Hundreds of sensor have had their wires cut. Communication
blackouts are occurring because of probably disruption of
-- the hot gas flow around the orbiter.
Again, at Time 52:06, which is back up just a little bit,
is the first significant increase in drag. The aerodynamic
control surfaces begin to work against that aerodynamic drag.
The vehicle has no problem at this point maintaining the proper
attitude, the proper angle of attack, and a proper roll angle;
but it is beginning to work at it.
At Time 54:20, there is a fairly significant aerodynamic change
as the vehicle begins to work considerably harder. There are
debris-shedding events during this period of time, but we
can't relate them directly. By two minutes later, at 56:16,
the wheel well temperatures, temperatures along the wheel
itself begin to rise, and so now we know that the heat is
into the wheel well itself.
Next. 58:09, there is another aerodynamic change in the aerodynamic
surfaces, accompanied by more debris-shedding events. By 58:56,
all of the tire pressures and temperature measurements in
the left main landing gear wheel well are lost, due to damage
in there, mostly to cutting of wires and sensors.
At 59:29 there was a major aerodynamic event which causes
the shuttle to bring its nose down. It wants to roll left
which, when you're at a 70-degree roll angle, that means down.
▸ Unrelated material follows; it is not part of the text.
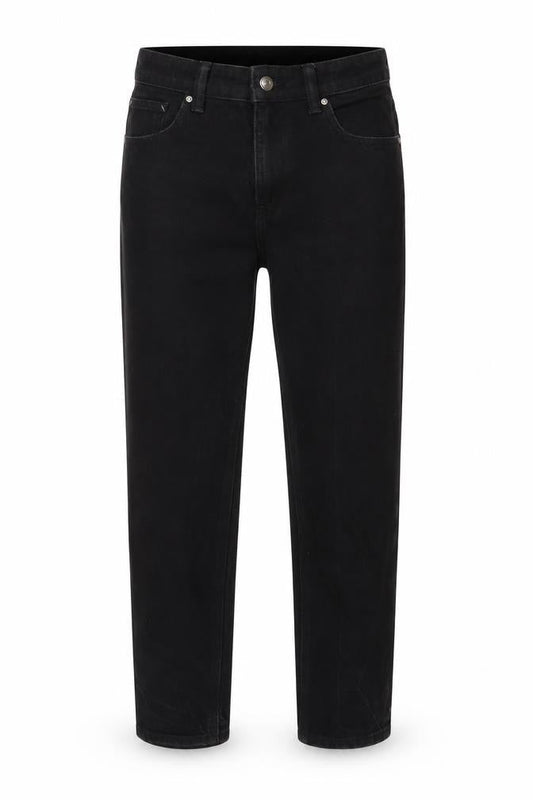 ASOS Womens Black Cotton Straight Jeans Size 28 in L30 in Regular Zip
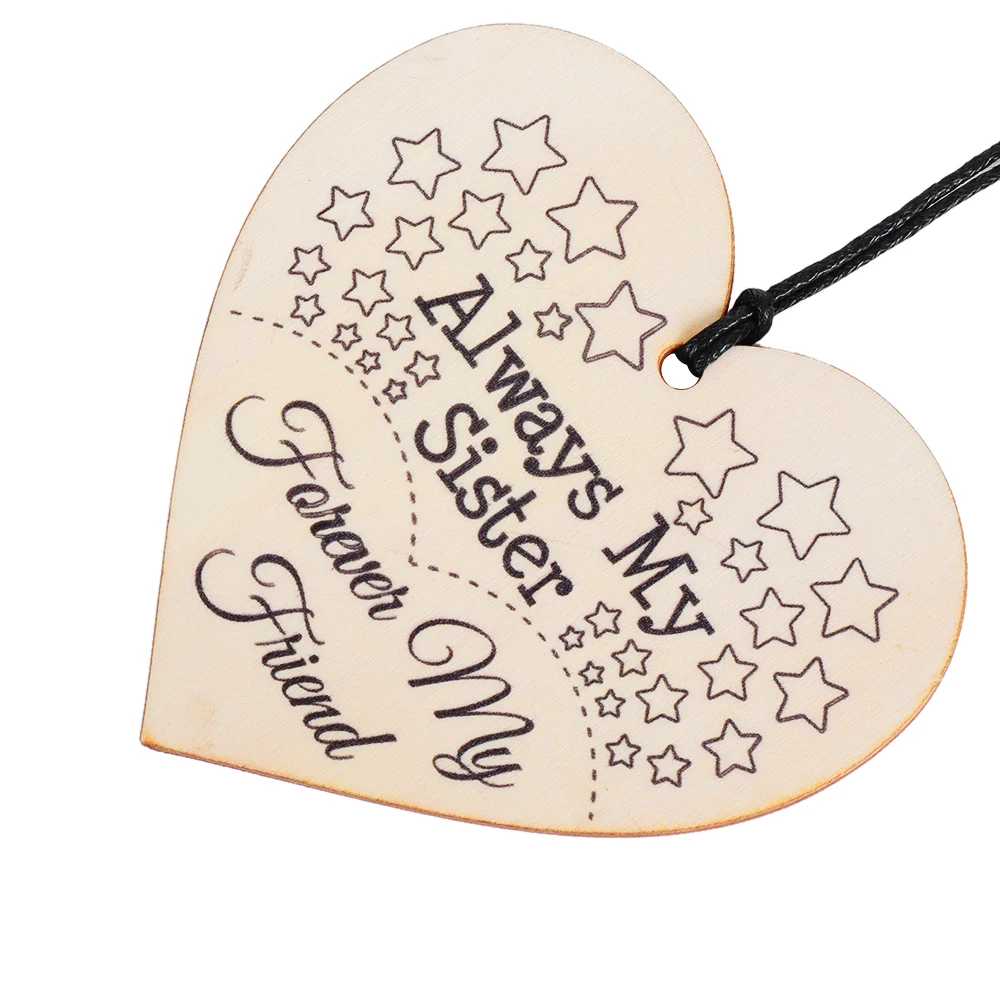 1 шт. в форме сердца праздничный деревянный знак память сувениры для мамы папы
This causes all four of the RCS jets on the starboard side
to fire to try to counteract that. Of course, the loss of
signal occurred at 59:32. The MADS recorder continued for
another 30 seconds or 40 seconds; but as we indicated before,
there was nothing particularly significant in that additional
So that is the scenario that we've agreed on as to how this
orbiter failed; and as I indicated in my preliminary comments,
the real value of this is that it tells us what to do now
and where to go next.
If I could have the next viewgraph, please. We have now listed
-- and it's in the little handout that we've given you. We've
listed the areas that we're going to focus on, the areas of
analysis and the areas that are in work by both us and NASA
that we want to put some more steam into so that we can get
some of these things answered. We've listed them. I won't
read them all, but they are the foam impact testing that's
very important to us. We have to continue the very, very hard
work on the aerothermal analyses to correlate some of these
events that we have really good data on but yet we can't quite
fully understand everything that's happening, like how long
does it take to burn through Kapton wiring, how long does
it take to create a knife edge in a piece of RCC that's a
third of an inch thick, how long does it take to burn through
aluminum skin, and those kinds of things. So we have really
good data on this, and so we need to work real hard at fully
As was mentioned this morning, there are several skin temperature
anomalies where some of the skin temperatures up on the fuselage
actually get cooler than normal and return to hotter than
normal. That is pretty easily explained by a change in the
flux, the flow around the orbiter to where a hot spot which
is normally located at one place moves; and that is probably
accounted for by a change in the geometry of the wing. We
have a lot more analysis to do before we're able to say anything
specifically about that.
And then continued forensic testing on the debris. We have
all this wonderful debris down there. We are doing several
things with it, including building a 3-D model with the debris
with have. A lot more chemical analysis, metallurgical testing
of the debris, and including more dissecting of foam and a
better understanding of the cryopumping issues.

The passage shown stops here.